Repeat exactly the lines from the one containing "1 Claridge Drive 408, Verona, NJ 07044" through the last line of the records below, both included, and nothing else.

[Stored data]
▽

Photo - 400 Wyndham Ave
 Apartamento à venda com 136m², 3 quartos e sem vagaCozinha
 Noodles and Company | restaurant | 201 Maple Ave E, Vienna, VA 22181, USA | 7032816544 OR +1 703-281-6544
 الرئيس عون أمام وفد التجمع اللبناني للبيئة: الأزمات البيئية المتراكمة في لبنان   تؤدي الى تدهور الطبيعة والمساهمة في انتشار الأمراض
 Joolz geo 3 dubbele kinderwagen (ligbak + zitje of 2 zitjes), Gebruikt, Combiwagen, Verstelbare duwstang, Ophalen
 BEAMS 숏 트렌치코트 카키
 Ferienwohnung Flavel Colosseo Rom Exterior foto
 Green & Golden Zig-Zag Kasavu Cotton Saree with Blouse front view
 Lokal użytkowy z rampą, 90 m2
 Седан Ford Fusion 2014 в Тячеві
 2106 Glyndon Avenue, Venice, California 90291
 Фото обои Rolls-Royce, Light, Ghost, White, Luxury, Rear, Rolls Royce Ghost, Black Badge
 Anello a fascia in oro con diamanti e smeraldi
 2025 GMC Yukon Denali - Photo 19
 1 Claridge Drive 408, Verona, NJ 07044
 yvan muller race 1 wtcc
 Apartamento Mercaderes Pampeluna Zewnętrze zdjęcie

△

Result for this exercise -
 1 Claridge Drive 408, Verona, NJ 07044
 yvan muller race 1 wtcc
 Apartamento Mercaderes Pampeluna Zewnętrze zdjęcie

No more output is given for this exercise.